↓↓↓
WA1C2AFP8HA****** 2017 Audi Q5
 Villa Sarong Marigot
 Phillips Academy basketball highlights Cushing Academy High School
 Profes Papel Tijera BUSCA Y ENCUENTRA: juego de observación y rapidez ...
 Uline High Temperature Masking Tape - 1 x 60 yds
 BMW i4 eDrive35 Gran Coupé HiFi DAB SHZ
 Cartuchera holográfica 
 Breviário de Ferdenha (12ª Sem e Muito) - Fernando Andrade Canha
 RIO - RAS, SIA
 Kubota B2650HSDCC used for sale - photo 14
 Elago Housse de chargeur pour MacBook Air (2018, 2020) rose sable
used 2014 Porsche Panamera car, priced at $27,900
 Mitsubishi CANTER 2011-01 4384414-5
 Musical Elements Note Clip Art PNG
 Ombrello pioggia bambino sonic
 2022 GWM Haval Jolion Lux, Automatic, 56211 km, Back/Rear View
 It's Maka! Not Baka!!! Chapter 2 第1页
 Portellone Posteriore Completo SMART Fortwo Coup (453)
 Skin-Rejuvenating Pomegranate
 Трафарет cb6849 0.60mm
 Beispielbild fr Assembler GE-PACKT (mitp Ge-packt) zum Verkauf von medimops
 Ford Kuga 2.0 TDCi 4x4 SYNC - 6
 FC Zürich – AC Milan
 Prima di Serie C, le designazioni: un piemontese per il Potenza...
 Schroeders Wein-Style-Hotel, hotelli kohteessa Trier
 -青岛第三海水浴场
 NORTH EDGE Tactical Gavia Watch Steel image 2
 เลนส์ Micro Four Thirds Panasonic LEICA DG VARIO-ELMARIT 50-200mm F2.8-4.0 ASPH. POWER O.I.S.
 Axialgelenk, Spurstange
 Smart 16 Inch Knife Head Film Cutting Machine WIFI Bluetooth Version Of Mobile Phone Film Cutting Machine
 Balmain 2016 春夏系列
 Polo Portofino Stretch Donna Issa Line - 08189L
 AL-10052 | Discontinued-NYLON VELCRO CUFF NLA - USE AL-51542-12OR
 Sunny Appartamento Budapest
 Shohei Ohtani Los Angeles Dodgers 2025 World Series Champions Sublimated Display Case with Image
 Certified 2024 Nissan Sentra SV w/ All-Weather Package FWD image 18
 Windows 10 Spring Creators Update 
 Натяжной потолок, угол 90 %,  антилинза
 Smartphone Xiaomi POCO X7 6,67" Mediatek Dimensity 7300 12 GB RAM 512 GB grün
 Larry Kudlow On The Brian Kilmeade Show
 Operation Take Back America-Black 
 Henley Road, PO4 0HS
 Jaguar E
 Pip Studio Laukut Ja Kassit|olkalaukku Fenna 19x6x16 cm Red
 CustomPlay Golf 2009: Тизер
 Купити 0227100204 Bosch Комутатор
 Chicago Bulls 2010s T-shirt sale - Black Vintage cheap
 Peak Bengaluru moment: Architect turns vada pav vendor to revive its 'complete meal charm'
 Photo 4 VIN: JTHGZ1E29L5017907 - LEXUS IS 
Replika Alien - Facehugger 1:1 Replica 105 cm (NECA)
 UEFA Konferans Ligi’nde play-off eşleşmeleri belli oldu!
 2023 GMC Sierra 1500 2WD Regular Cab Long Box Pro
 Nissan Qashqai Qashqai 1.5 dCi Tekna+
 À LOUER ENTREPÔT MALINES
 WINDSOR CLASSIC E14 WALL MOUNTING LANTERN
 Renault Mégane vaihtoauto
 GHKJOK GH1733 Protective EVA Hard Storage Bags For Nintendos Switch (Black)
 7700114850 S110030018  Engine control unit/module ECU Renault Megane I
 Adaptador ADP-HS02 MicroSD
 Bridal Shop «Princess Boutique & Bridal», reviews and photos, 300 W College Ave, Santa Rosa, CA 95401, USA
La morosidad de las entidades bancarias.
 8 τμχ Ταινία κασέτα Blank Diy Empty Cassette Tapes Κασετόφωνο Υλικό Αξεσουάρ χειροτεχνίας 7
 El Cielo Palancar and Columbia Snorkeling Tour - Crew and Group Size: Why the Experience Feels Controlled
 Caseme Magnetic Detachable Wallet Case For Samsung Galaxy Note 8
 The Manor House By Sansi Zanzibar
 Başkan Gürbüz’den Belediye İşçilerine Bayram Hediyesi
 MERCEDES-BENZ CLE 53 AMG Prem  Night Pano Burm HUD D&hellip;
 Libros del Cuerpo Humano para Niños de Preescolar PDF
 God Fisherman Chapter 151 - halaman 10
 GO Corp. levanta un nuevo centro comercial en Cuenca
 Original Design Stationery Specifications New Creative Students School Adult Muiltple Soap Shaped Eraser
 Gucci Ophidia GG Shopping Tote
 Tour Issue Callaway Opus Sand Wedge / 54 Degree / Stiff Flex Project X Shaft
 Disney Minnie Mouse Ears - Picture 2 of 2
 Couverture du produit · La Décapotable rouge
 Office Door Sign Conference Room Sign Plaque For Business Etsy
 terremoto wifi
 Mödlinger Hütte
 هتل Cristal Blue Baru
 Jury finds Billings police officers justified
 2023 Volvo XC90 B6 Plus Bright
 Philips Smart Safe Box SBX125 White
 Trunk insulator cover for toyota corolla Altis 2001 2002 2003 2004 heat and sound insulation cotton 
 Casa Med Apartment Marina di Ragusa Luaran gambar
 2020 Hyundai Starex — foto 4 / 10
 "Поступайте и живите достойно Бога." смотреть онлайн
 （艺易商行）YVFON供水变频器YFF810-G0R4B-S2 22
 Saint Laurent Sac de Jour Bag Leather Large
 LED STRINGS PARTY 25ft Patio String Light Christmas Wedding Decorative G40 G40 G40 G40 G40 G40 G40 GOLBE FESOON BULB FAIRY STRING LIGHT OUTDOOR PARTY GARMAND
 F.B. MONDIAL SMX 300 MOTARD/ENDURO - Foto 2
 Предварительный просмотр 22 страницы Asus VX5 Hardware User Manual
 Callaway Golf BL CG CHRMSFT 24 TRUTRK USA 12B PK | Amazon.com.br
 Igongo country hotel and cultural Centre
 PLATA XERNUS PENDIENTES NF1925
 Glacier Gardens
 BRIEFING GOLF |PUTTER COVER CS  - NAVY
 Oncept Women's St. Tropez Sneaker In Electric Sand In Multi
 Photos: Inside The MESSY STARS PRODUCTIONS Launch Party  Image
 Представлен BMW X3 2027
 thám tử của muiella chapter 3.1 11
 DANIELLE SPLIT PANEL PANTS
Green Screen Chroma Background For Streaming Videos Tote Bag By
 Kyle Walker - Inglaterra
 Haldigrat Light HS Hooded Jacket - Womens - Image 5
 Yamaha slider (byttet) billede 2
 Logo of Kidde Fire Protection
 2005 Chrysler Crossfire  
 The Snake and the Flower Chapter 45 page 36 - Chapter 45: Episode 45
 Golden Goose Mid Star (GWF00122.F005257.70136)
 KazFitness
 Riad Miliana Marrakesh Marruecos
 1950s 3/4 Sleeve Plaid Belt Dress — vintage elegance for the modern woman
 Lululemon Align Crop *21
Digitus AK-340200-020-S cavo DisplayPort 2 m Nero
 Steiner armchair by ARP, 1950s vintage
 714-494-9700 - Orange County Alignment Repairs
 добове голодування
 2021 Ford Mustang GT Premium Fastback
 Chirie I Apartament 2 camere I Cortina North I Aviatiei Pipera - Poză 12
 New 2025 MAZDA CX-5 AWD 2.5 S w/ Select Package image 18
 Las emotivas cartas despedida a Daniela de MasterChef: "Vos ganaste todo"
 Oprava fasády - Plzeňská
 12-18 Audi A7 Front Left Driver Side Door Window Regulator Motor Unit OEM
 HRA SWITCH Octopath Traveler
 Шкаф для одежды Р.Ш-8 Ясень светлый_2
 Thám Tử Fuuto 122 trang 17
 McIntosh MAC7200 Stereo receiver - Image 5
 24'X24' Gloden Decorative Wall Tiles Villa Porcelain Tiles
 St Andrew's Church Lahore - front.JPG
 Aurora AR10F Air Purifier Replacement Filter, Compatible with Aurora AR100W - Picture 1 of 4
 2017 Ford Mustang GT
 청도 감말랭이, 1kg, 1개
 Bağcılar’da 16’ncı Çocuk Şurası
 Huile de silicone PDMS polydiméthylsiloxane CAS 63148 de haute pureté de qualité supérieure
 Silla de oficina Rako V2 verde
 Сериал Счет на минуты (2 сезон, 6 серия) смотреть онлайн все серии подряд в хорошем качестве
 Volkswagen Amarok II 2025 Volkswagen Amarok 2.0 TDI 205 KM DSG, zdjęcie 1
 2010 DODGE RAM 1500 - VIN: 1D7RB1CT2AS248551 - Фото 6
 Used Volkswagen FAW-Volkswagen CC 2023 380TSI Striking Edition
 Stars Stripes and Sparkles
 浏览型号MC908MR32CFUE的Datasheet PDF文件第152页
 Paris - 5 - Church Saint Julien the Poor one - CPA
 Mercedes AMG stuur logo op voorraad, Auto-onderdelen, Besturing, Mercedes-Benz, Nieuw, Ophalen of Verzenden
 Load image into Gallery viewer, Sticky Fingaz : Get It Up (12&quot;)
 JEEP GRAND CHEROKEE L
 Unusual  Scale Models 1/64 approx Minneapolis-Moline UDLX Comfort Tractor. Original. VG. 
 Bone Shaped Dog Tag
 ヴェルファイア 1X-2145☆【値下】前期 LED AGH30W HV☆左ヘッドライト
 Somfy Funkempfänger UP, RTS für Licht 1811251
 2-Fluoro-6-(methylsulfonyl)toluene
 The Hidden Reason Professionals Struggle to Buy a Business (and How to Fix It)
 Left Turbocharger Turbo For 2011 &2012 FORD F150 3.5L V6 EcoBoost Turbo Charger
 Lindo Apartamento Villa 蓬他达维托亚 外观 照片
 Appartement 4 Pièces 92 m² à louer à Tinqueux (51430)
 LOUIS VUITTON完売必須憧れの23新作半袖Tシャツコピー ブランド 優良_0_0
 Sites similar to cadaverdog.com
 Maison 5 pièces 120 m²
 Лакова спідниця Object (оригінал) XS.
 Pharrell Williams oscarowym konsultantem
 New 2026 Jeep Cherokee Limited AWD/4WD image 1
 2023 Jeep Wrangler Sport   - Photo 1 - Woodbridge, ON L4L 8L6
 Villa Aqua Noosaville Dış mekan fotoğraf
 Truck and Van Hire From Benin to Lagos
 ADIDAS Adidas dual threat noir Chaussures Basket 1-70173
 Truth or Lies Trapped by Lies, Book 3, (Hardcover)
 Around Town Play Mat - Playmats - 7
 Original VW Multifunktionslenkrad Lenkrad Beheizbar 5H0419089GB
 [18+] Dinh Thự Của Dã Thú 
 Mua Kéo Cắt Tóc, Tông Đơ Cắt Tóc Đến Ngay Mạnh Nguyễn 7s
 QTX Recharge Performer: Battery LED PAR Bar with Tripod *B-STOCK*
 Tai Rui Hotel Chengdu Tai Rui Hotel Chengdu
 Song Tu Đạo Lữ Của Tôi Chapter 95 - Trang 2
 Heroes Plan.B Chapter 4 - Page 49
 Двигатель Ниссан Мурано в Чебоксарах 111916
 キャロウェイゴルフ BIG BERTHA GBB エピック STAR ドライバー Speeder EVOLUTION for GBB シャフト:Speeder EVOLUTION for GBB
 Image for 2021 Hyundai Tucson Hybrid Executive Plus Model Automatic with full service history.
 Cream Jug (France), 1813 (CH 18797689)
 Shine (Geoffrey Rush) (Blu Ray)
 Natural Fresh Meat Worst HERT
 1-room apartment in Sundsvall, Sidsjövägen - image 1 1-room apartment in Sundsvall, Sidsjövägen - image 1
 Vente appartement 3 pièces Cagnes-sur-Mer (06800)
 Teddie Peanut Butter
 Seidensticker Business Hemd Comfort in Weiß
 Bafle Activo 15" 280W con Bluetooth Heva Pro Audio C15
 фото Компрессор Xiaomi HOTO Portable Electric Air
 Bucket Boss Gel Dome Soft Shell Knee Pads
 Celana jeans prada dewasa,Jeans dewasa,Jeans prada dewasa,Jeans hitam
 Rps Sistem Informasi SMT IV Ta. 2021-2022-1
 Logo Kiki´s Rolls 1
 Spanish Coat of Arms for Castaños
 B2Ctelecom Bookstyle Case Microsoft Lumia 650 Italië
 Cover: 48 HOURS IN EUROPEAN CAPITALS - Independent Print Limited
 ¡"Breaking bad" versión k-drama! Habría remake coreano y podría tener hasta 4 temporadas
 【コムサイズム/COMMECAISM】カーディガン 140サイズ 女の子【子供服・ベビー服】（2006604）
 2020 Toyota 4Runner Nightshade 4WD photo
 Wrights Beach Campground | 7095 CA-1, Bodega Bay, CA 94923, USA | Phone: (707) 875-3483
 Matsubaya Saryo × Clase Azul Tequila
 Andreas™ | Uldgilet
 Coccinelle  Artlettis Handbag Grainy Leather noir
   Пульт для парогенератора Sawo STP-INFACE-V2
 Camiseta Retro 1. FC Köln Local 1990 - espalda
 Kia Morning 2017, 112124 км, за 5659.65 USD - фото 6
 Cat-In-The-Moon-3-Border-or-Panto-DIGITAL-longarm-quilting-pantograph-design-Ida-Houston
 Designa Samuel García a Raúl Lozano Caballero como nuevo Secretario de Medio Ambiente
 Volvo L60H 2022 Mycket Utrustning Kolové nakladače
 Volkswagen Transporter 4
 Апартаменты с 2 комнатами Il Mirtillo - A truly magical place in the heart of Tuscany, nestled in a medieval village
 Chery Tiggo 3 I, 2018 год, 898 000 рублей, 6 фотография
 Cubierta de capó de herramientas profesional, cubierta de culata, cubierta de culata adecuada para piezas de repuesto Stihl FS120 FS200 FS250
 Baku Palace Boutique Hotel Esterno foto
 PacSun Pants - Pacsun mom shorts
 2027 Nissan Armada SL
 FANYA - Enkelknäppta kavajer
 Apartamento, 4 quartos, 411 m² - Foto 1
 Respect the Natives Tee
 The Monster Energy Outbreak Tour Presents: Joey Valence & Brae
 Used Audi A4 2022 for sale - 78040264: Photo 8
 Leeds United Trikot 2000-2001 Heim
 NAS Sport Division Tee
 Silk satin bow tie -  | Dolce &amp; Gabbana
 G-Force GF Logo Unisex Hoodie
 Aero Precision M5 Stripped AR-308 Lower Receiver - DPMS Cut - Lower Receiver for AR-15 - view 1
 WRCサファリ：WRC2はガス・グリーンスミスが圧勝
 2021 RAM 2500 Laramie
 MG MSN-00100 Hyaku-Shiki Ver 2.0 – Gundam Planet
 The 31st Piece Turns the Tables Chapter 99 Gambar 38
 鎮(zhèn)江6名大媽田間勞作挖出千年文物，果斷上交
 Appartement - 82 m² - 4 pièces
↑↑↑
__EXERCISE REQUIREMENTS__
Copy exactly the stretch of data above from the line with "Photos: Inside The" through the line with "2010 DODGE RAM", and omit all other lines.

__ANSWER SECTION__
 Photos: Inside The MESSY STARS PRODUCTIONS Launch Party  Image
 Представлен BMW X3 2027
 thám tử của muiella chapter 3.1 11
 DANIELLE SPLIT PANEL PANTS
Green Screen Chroma Background For Streaming Videos Tote Bag By
 Kyle Walker - Inglaterra
 Haldigrat Light HS Hooded Jacket - Womens - Image 5
 Yamaha slider (byttet) billede 2
 Logo of Kidde Fire Protection
 2005 Chrysler Crossfire  
 The Snake and the Flower Chapter 45 page 36 - Chapter 45: Episode 45
 Golden Goose Mid Star (GWF00122.F005257.70136)
 KazFitness
 Riad Miliana Marrakesh Marruecos
 1950s 3/4 Sleeve Plaid Belt Dress — vintage elegance for the modern woman
 Lululemon Align Crop *21
Digitus AK-340200-020-S cavo DisplayPort 2 m Nero
 Steiner armchair by ARP, 1950s vintage
 714-494-9700 - Orange County Alignment Repairs
 добове голодування
 2021 Ford Mustang GT Premium Fastback
 Chirie I Apartament 2 camere I Cortina North I Aviatiei Pipera - Poză 12
 New 2025 MAZDA CX-5 AWD 2.5 S w/ Select Package image 18
 Las emotivas cartas despedida a Daniela de MasterChef: "Vos ganaste todo"
 Oprava fasády - Plzeňská
 12-18 Audi A7 Front Left Driver Side Door Window Regulator Motor Unit OEM
 HRA SWITCH Octopath Traveler
 Шкаф для одежды Р.Ш-8 Ясень светлый_2
 Thám Tử Fuuto 122 trang 17
 McIntosh MAC7200 Stereo receiver - Image 5
 24'X24' Gloden Decorative Wall Tiles Villa Porcelain Tiles
 St Andrew's Church Lahore - front.JPG
 Aurora AR10F Air Purifier Replacement Filter, Compatible with Aurora AR100W - Picture 1 of 4
 2017 Ford Mustang GT
 청도 감말랭이, 1kg, 1개
 Bağcılar’da 16’ncı Çocuk Şurası
 Huile de silicone PDMS polydiméthylsiloxane CAS 63148 de haute pureté de qualité supérieure
 Silla de oficina Rako V2 verde
 Сериал Счет на минуты (2 сезон, 6 серия) смотреть онлайн все серии подряд в хорошем качестве
 Volkswagen Amarok II 2025 Volkswagen Amarok 2.0 TDI 205 KM DSG, zdjęcie 1
 2010 DODGE RAM 1500 - VIN: 1D7RB1CT2AS248551 - Фото 6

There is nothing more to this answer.